---- Supplied data

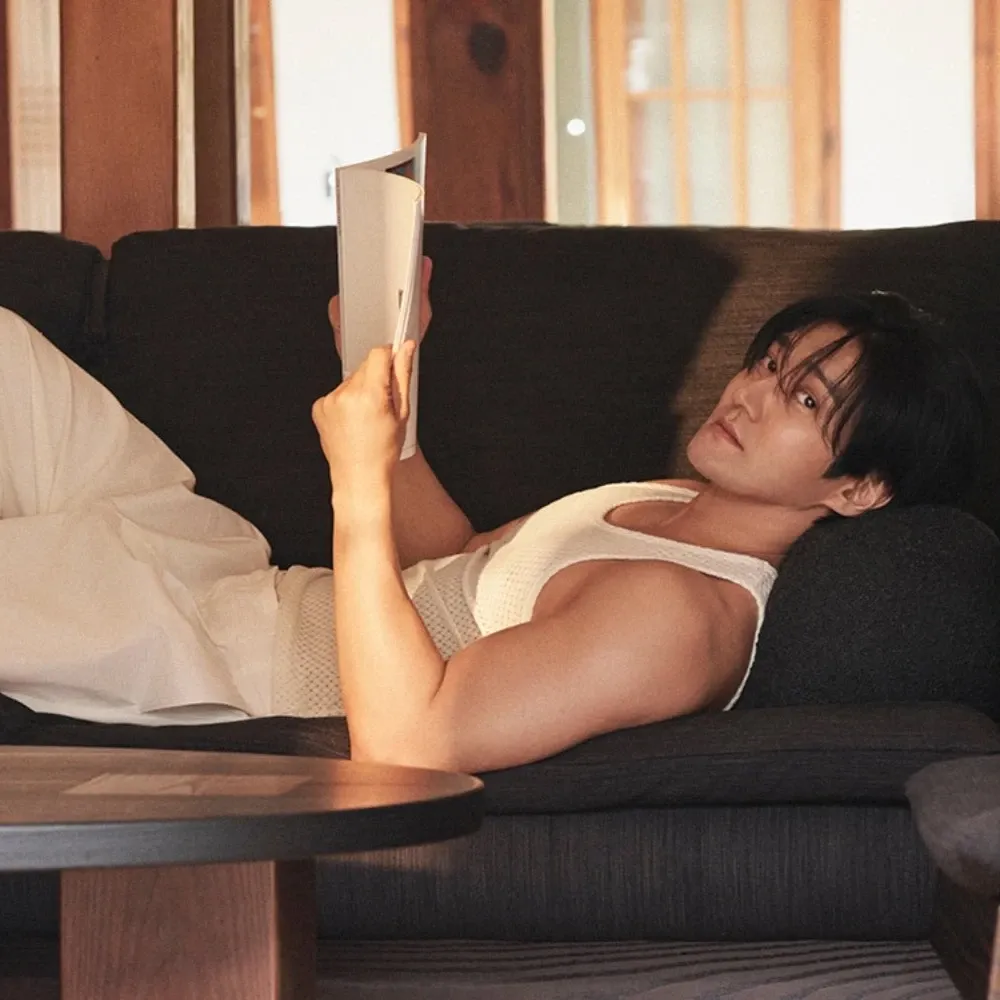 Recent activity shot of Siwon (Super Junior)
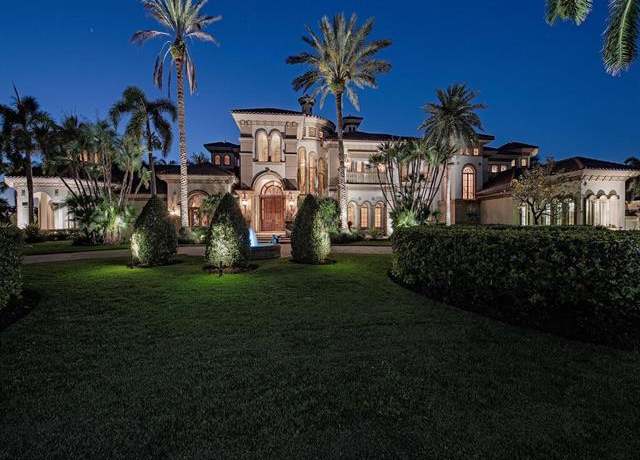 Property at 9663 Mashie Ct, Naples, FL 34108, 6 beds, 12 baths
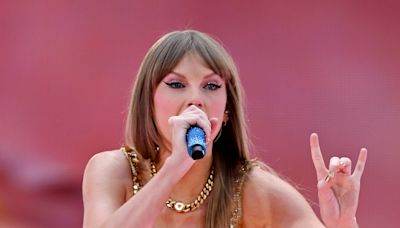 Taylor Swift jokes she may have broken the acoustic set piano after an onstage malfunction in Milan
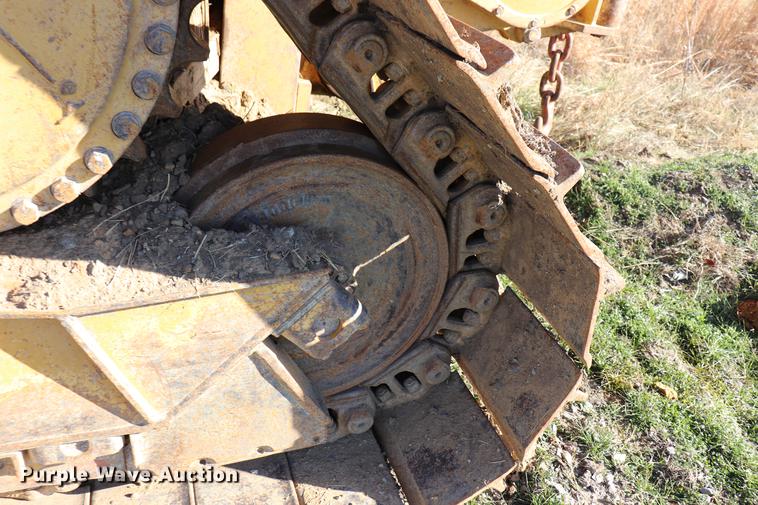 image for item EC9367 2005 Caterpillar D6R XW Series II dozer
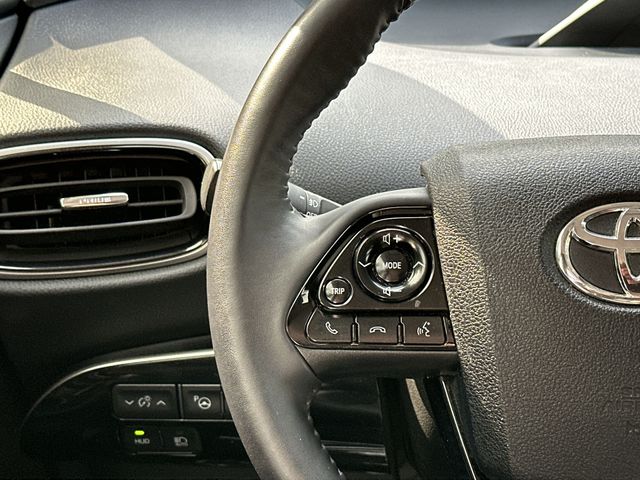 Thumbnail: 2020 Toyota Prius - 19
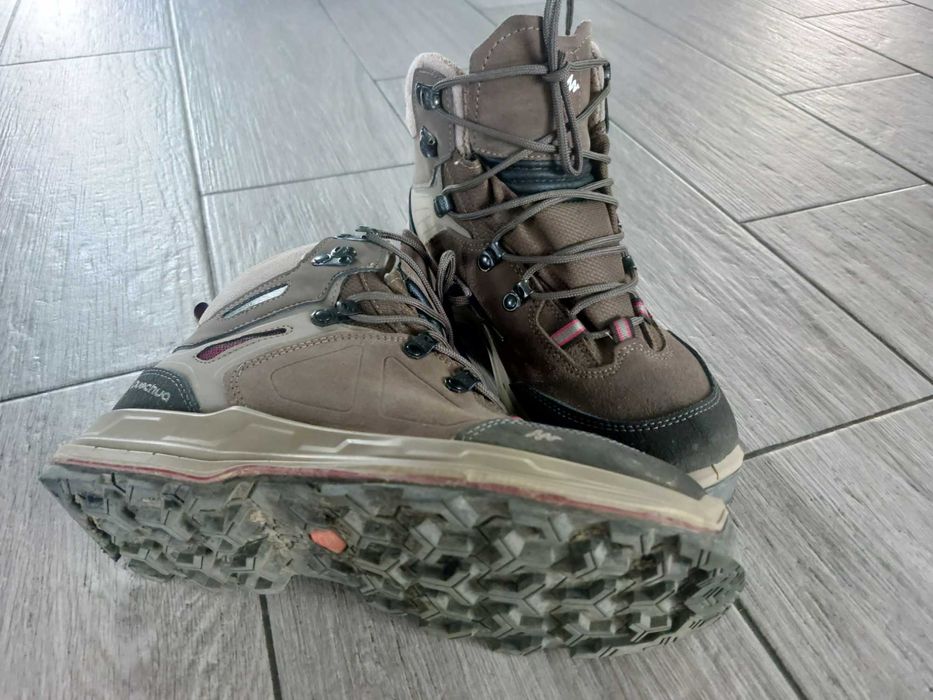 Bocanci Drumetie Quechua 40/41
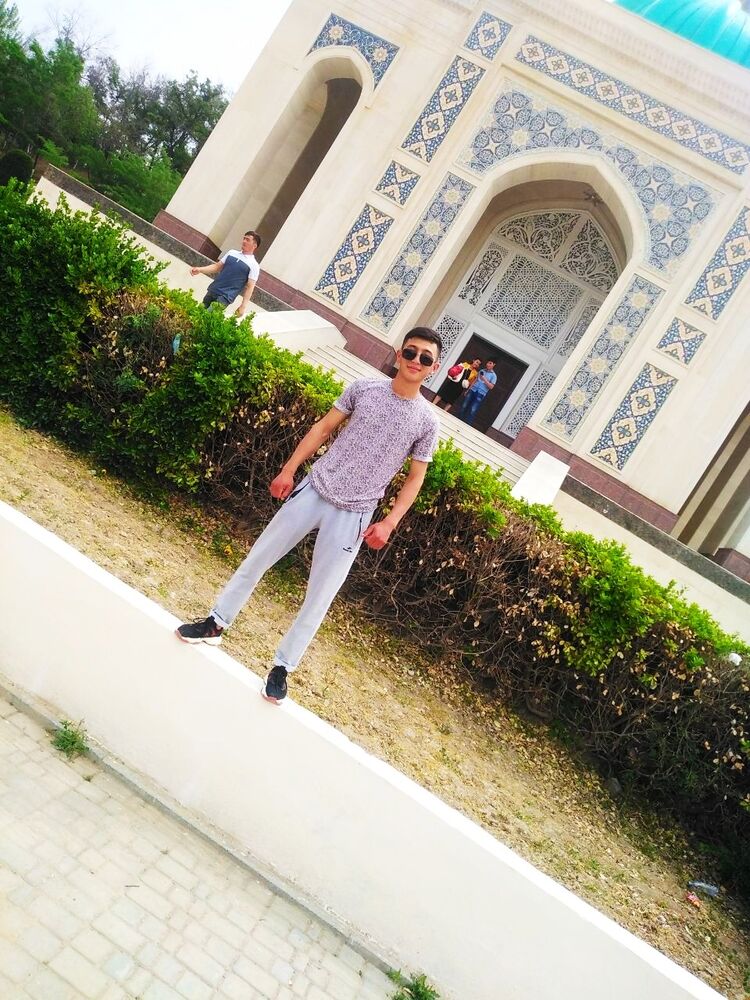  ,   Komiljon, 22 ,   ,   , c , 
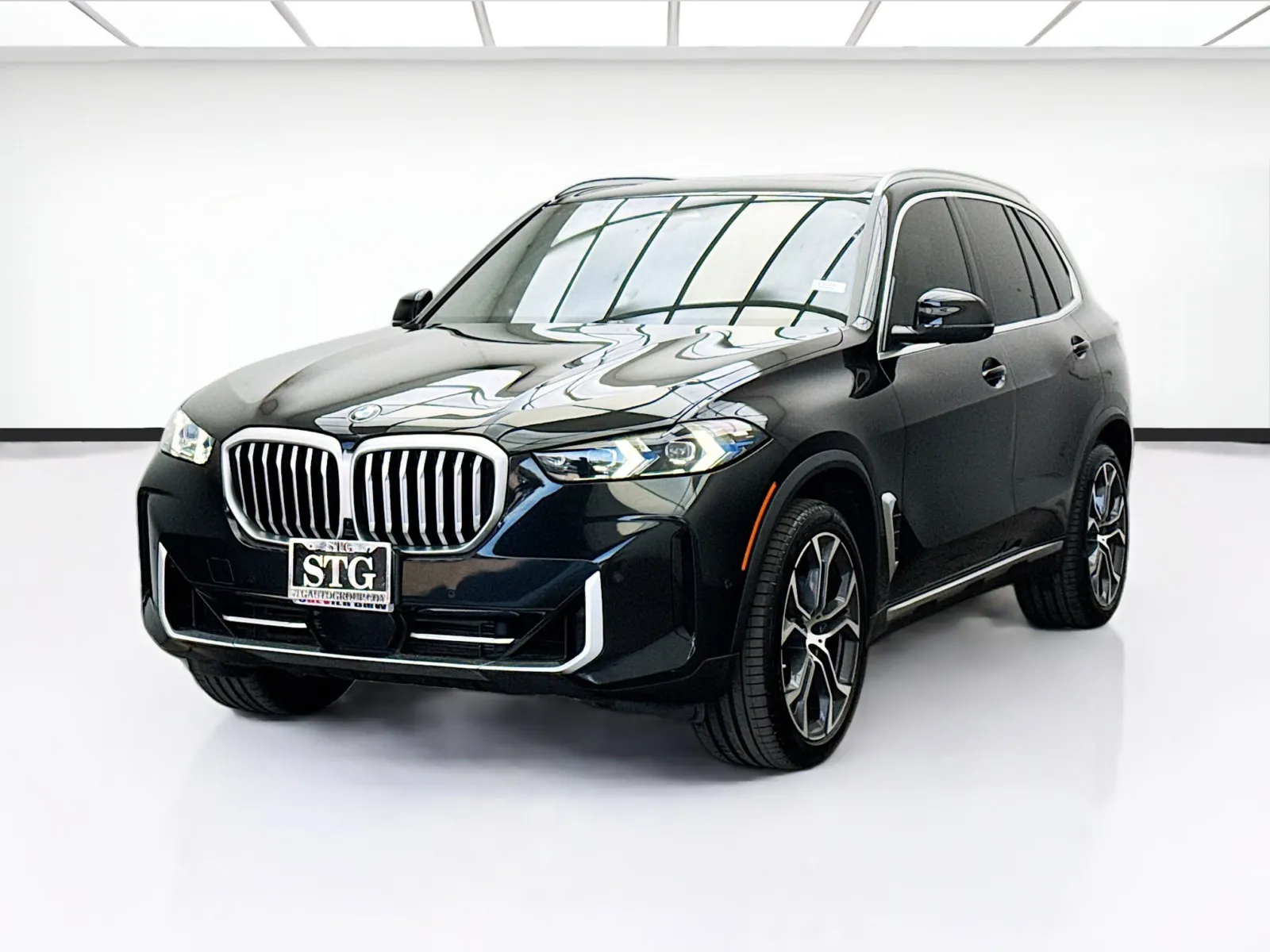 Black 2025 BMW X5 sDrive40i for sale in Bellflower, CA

--------

Please output an exact repetition of the lines from the line containing "Bocanci Drumetie Quechua 40/41" to the end of the records, both included, with no pictures and no additional text.

 Bocanci Drumetie Quechua 40/41
  ,   Komiljon, 22 ,   ,   , c , 
 Black 2025 BMW X5 sDrive40i for sale in Bellflower, CA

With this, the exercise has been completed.